Only SMEs which have not faced regulatory actions will now be allowed to migrate
| Photo Credit:
Swapan Mahapatra
The NSE’s EMERGE exchange and the BSE’s SME exchange, where small enterprises can list on the public markets, have deliberately been kept distinct from the main exchanges with higher entry barriers. The intent here is that retail investors should not take on the risks of betting on small enterprises with volatile financials and an uncertain future.
However, as the Gensol Engineering case shows, despite demarcation, SME firms with doubtful credentials do manage to migrate to the main board. This seems to have spurred NSE into action. In a recent circular, NSE revised the eligibility criteria for SMEs to graduate from its SME platform to the main board. The new rules attempt to set a higher bar on size for SMEs wanting to move to the main exchange. While the paid-up equity capital requirement has been retained at ₹10 crore, the market capitalisation bar will be raised from ₹25 crore to ₹100 crore from May 1. Market capitalisation, however, is prone to sharp swings and manipulation. This is perhaps why an additional requirement of over ₹100 crore in revenue from operations has been introduced. It is good that NSE has specified ‘revenue from operations’ because total revenues can be propped up by treasury activities or one-off incomes.

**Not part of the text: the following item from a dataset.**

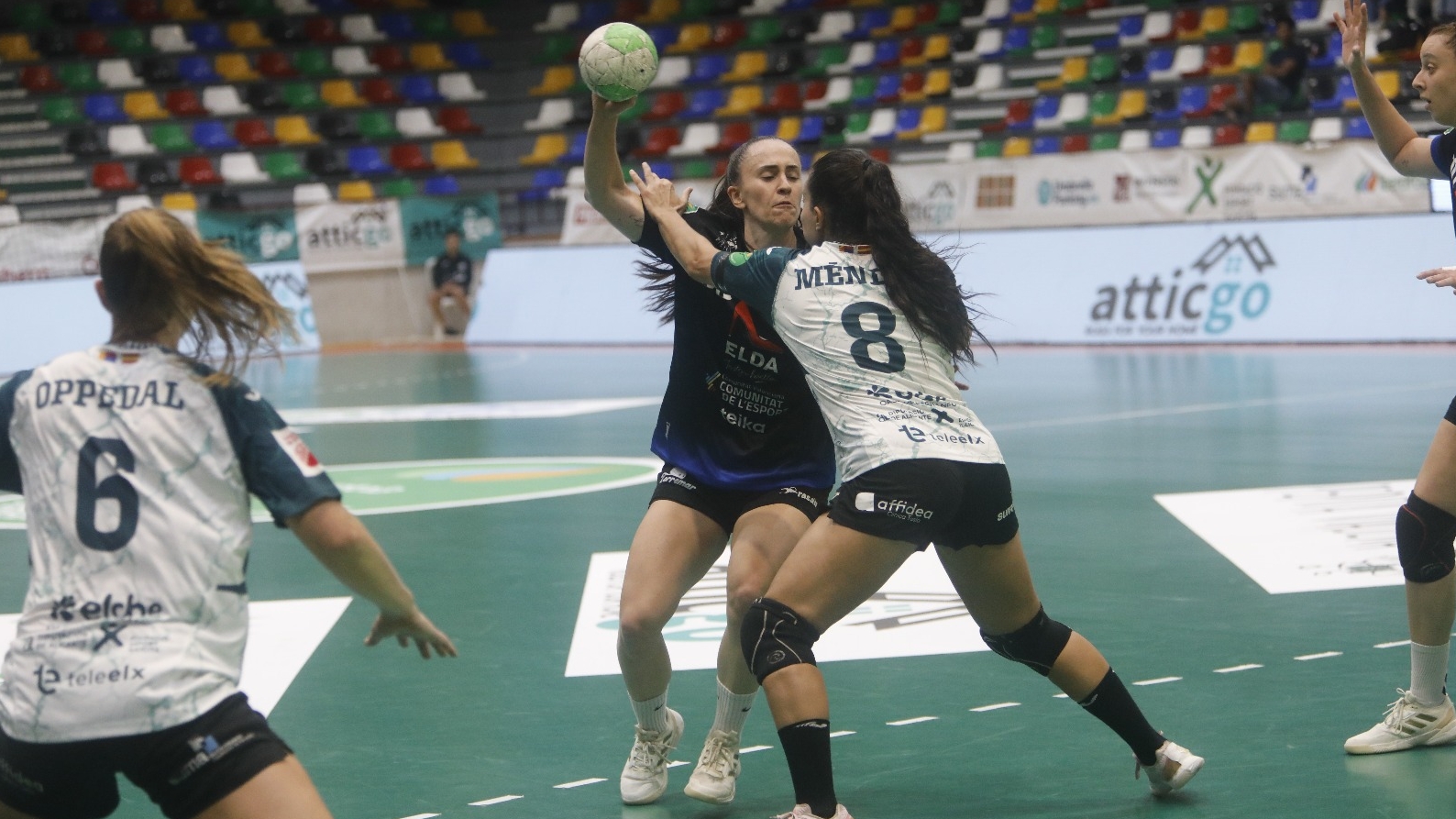 El Elda Prestigio se reencuentra con la victoria en Elche (18-23)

The earlier requirement that the SME should have positive cash accruals from operations for the last three years and net profit after tax in the immediate financial year before application, has however been relaxed. SMEs will now need to demonstrate operating profits in two out of three previous years to apply for migration. This dilution is perhaps meant to ensure a level playing field between companies migrating from the SME platform vis-a-vis those directly listing on the main board of NSE. SEBI’s rules allow loss-making companies to list on the main exchanges through book-built offers. In addition to the requirement that SMEs must have a ₹75 crore net worth and not be the subject of insolvency or BIFR proceedings, NSE’s new norms have additional provisos. Only SMEs which have not faced regulatory actions like suspension of trading, debarment of directors/promoter/subsidiaries by SEBI and other regulators, will now be allowed to migrate. The SME, its promoters or directors should not be in default of dues to bondholders or deposit holders. These criteria rightly introduce additional governance filters.

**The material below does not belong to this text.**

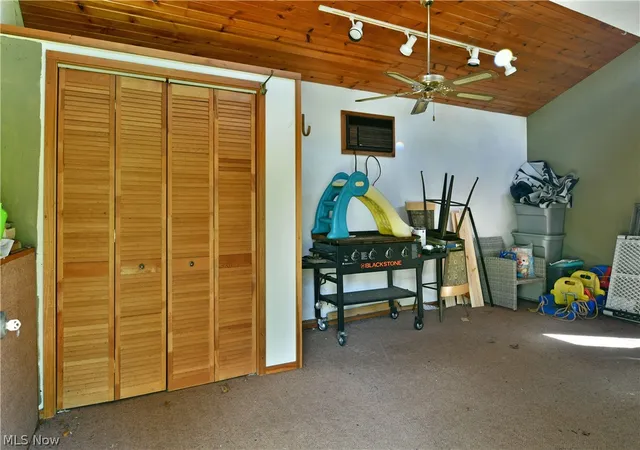 Photo 50 of Sale Pending at 927 Howland Wilson Rd Se, Warren, OH 44484 | MLS# 5244462 | Listing updated on 2026-09-13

As for relaxations, SMEs will now need to have only 500 shareholders and not 1000 to apply for migration. Earlier, SMEs looking to migrate from other exchanges to the NSE had to get an auditor, credit rating agency or registered valuer to certify their operations, ownership structure, suppliers, profitability, debt servicing track record, among other criteria. The new circular makes no mention of this, so it is unclear if this rule remains.